Scan design is a widely used design for testability technique. According to this technique, memory elements (flip-flops) are connected into a shift register scan chain during the test mode and hence, can be directly controlled and observed. When all of the flip-flops in a circuit are included in the scan chain (full scan design), combinational test generation methods are sufficient. However, full scan design may entail unacceptable penalties in terms of area overhead and performance degradation. An alternative is to select a subset of the flip-flops for inclusion in the scan chain (partial scan). Thus, both area and performance penalties can be significantly reduced, but the partial scan circuit requires the use of sequential test generation methods.
Various approaches for selecting the flip-flops used for partial scan are classified as testability analysis based, test generation based and structural analysis based. Cheng and Agrawal in an article entitled "A Partial Scan Method for Sequential Circuits with Feedback" in IEEE Transactions on Computing, vol 39, pages 544 to 548, August 1990, disclosed that the feedback cycles among flip-flops are mainly responsible for test generation complexity. They empirically observed that partial scan circuits with self-loops but without feedback cycles are easier to test than circuits that have long feedback cycles. A self-loop refers to a situation where the output of a flip-flop, after passing through combinational logic, feeds back as an input into the same flip-flop. Allowing self-loops in the partial scan circuit is particularly attractive since a large number of flip-flops in commercially used designs have self-loops. Therefore, the scan overhead will be high if it were deemed necessary to break all feedback loops.

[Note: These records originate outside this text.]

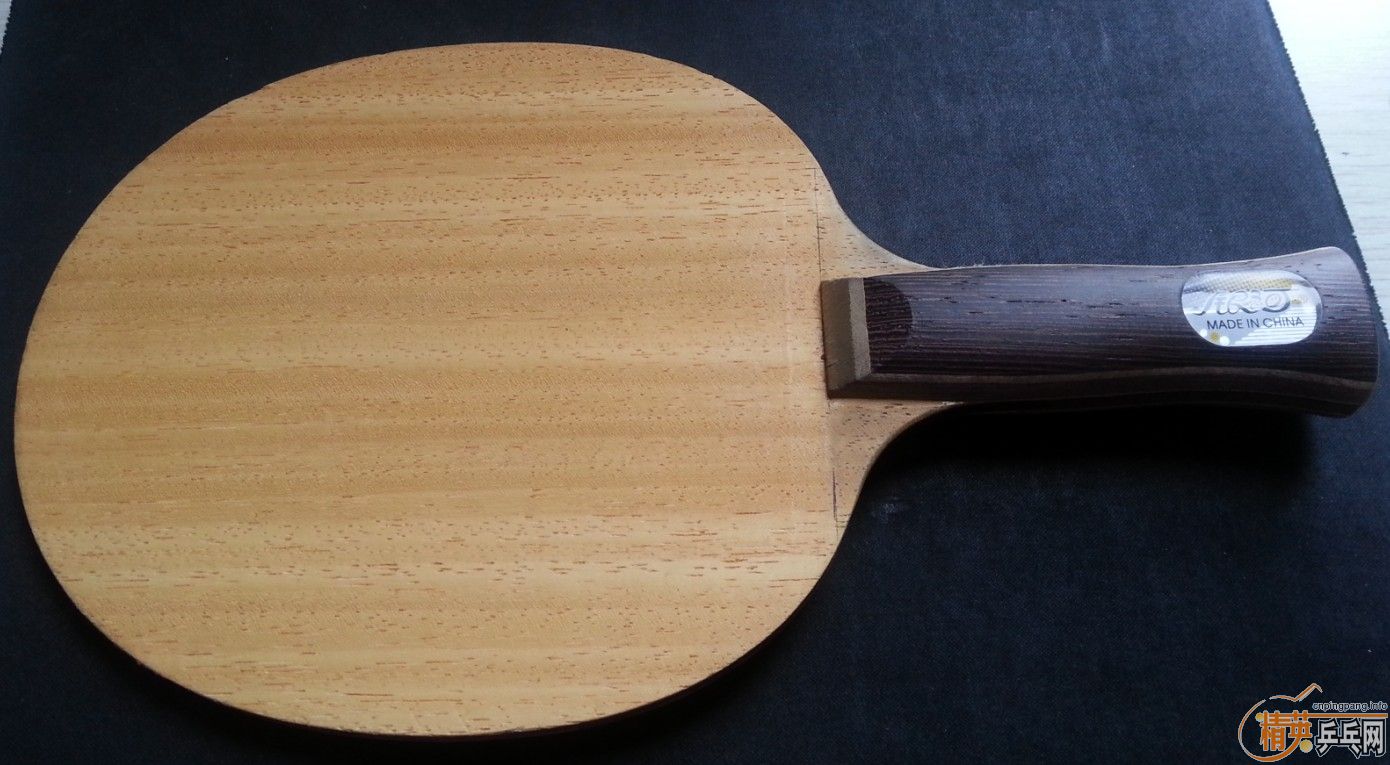 [ԭ��]���������õװ� �������� ����������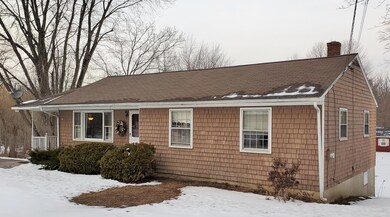 13 Boom Rd, Saco, ME 04072 - photo 2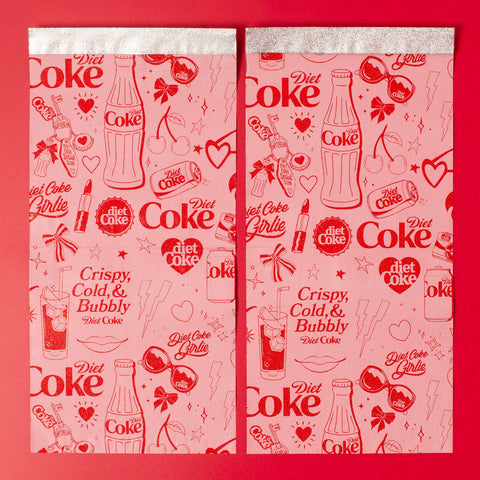 Feuilles d'aluminium Framar de 5'' x 11'', pack de 500 feuilles, idéal pour la cuisine ou la pâtisserie.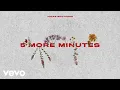 Download Lagu Jonas Brothers - Five More Minutes (Audio)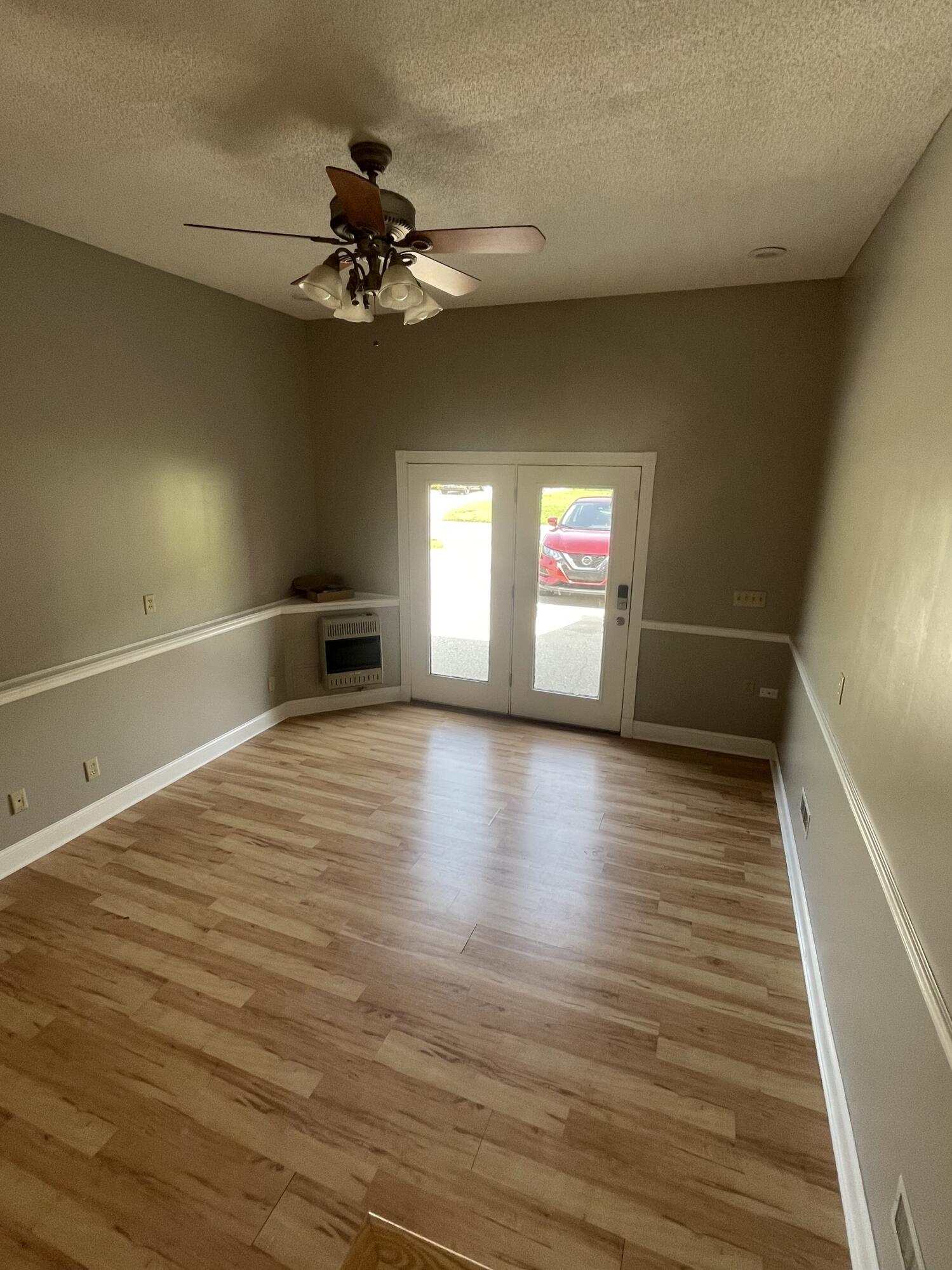 104 Brandon Lane Property Photo 19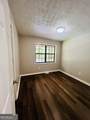 260 New Hope Drive - Photo 10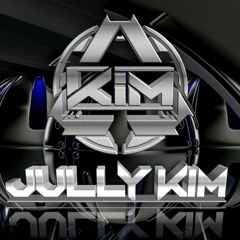Co Don Gianh Cho Ai 2022 -  Jully Kim Remix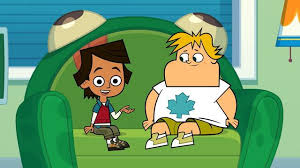 This includes ben 10 videos. Unlocked Full Episodes Watch Free Online Videos Cartoon Network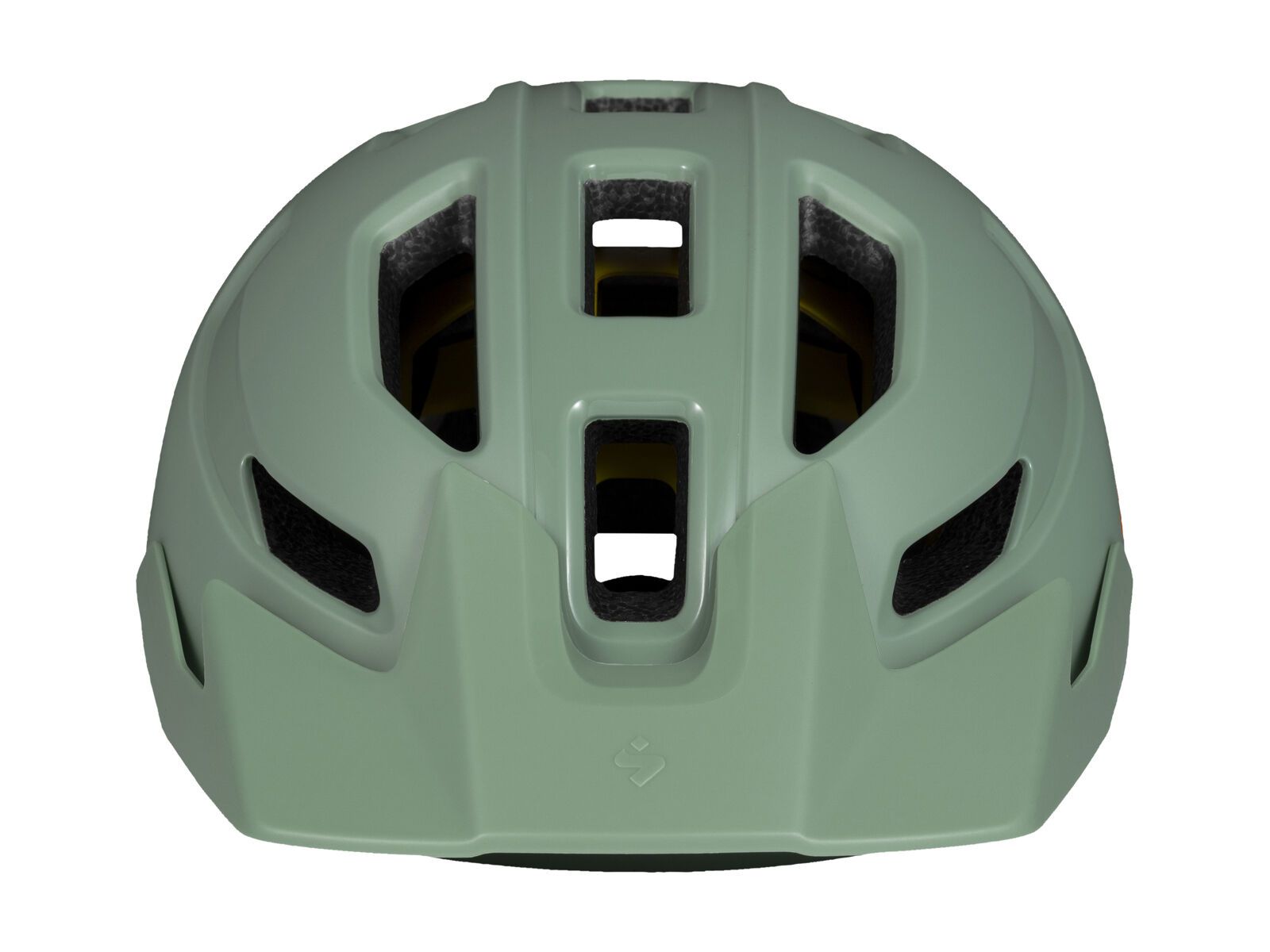 Sweet Protection Bushwhacker 2Vi MIPS, willow green - Bild 4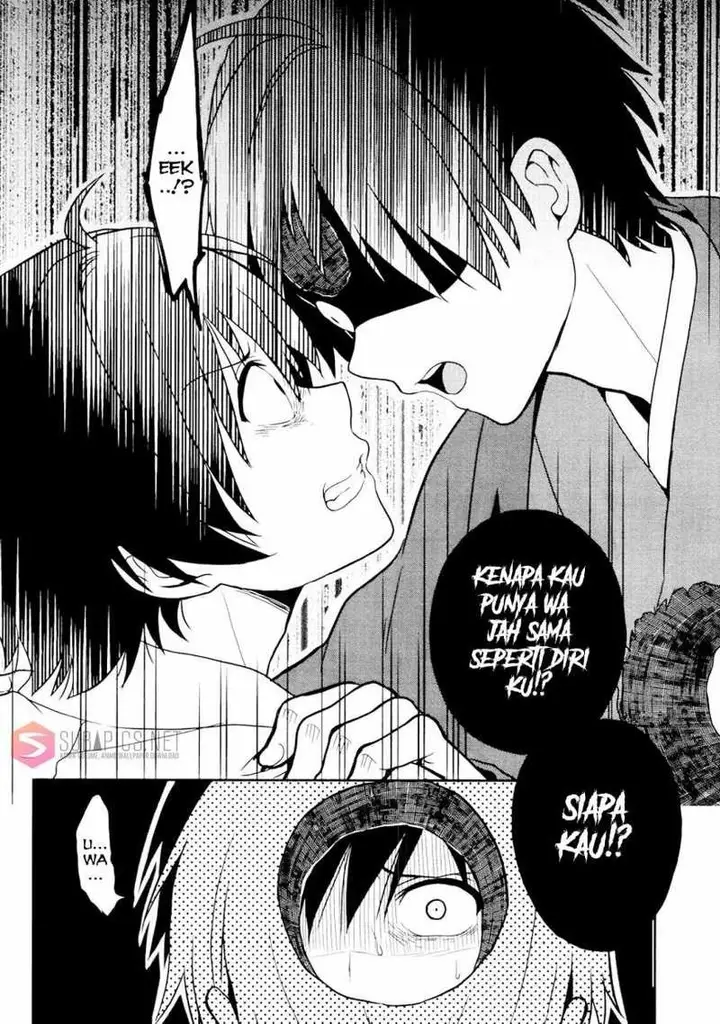 image-komik-kono-shima-ni-wa-midara-de-jaaku-na-mono-ga-sumu-chapter-21-13/33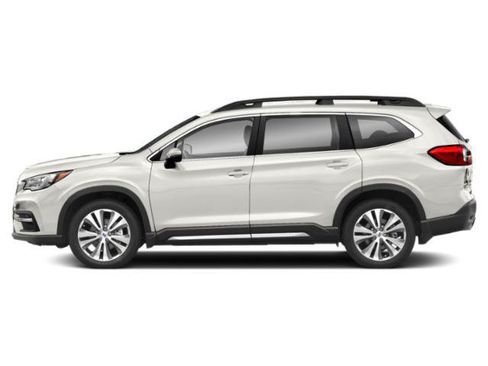 Used 2019 Subaru Ascent Limited AWD/4WD image 3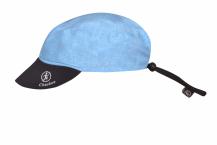 Chaskee REVERSIBLE CAP STONE (blue)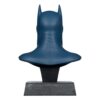 Batman Hush DC Direct Mini Replika 1/3 Batman Cowl 19 cm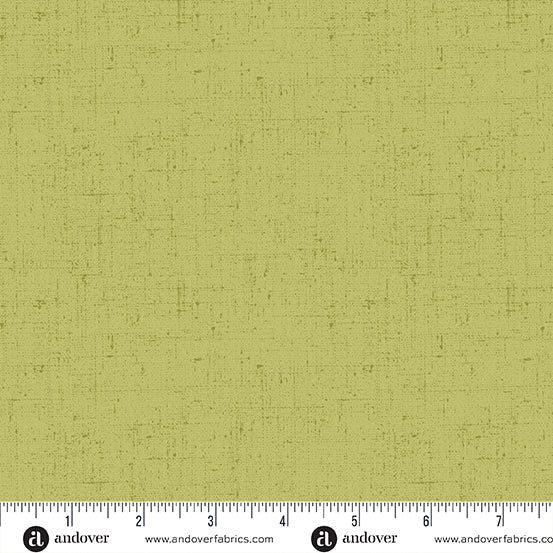 Lichen Cottage Cloth II by Renee Nanneman from Andover Fabrics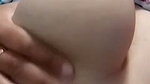 gosh post 336537380000012142 06 46 33 02 05
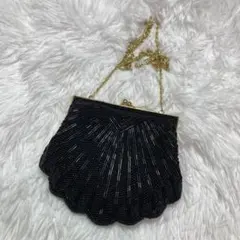 Item thumbnail for item 210b74b7-5242-4e7d-ae05-9a6f8b8203c2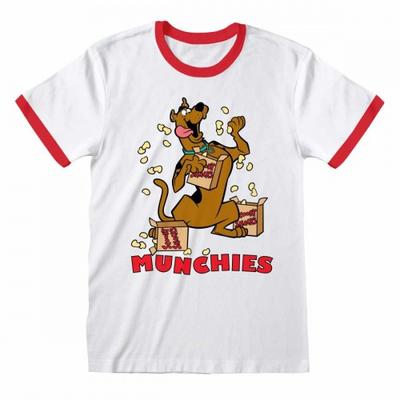 Top – T-shirts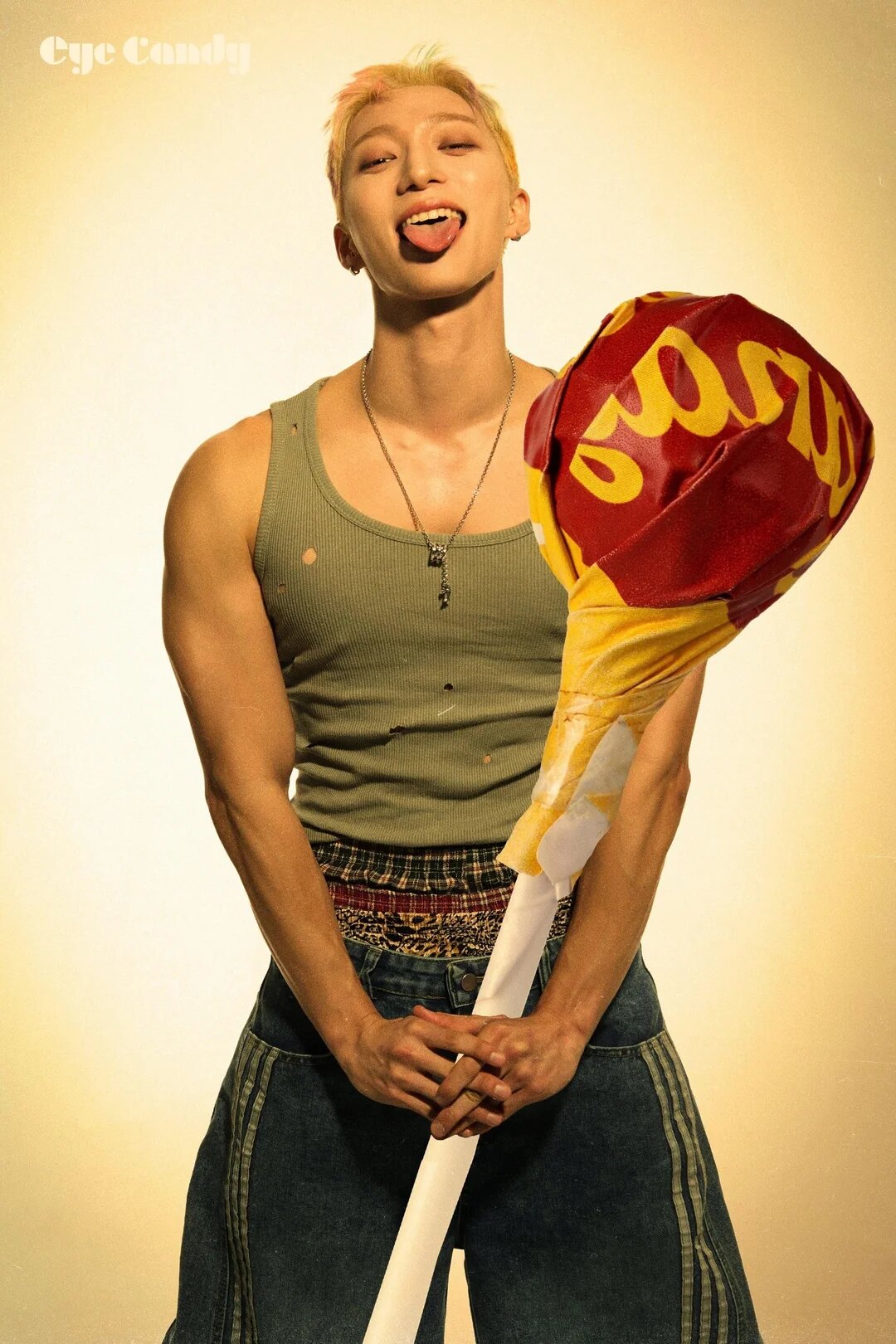 from20-is-my-new-obsession-he-is-our-bisexual-king-v0-owerxfreawve1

The approach proposed by Cheng and Agrawal translates to a graph problem. Let V.sub.1, . . . , V.sub.n be the set of flip-flops in the circuit. The structural dependencies among flip-flops can be represented by a directed graph, called the S-graph. This graph has as many vertices as the number of flip-flops in the circuit. There exists an arc from vertex v.sub.i to vertex v.sub.j if there is a combinational path from flip-flop v.sub.i to flip-flop v.sub.j. Also, there is an arc from vertex v.sub.i to itself (self-loop) if there is a combinational path from flip-flop v.sub.i to itself. The flip-flop selection problem is equivalent to the problem of finding the smallest set of vertices whose removal makes the S-graph acyclic. This is referred to as the minimum feedback vertex set (MFVS) problem. If self-loops are permitted in the partial scan circuit, then the self-loops in the S-graph may be disregarded when computing the MFVS. There are situations where it may be desirable to also eliminate self-loops. Since the vertices with self-loops must belong to the MFVS, these vertices can be deleted first from the S-graph. The remaining S-graph is smaller and its MFVS, which can be solved in accordance with the teachings of the present invention, is an easier problem to solve.
The MFVS problem belongs to the class of NP-hard problems. Algorithms to solve this problem were proposed even before complexity theoretic notions were developed. A known non-trivial exact algorithm is described in an article by Smith and Walford entitled "The Identification of Minimum Feedback Vertex set of a Directed Graph" in IEEE Transaction on Circuits and Systems, vol 22, pages 9 to 14, January 1975. Their method is practical only for small graphs. Several heuristic methods have been developed for large problems but these methods cannot ascertain the closeness of the solution to the optimal solution. It is possible that the problem of finding a solution that is provably within a constant factor of the optimal solution might be NP-hard.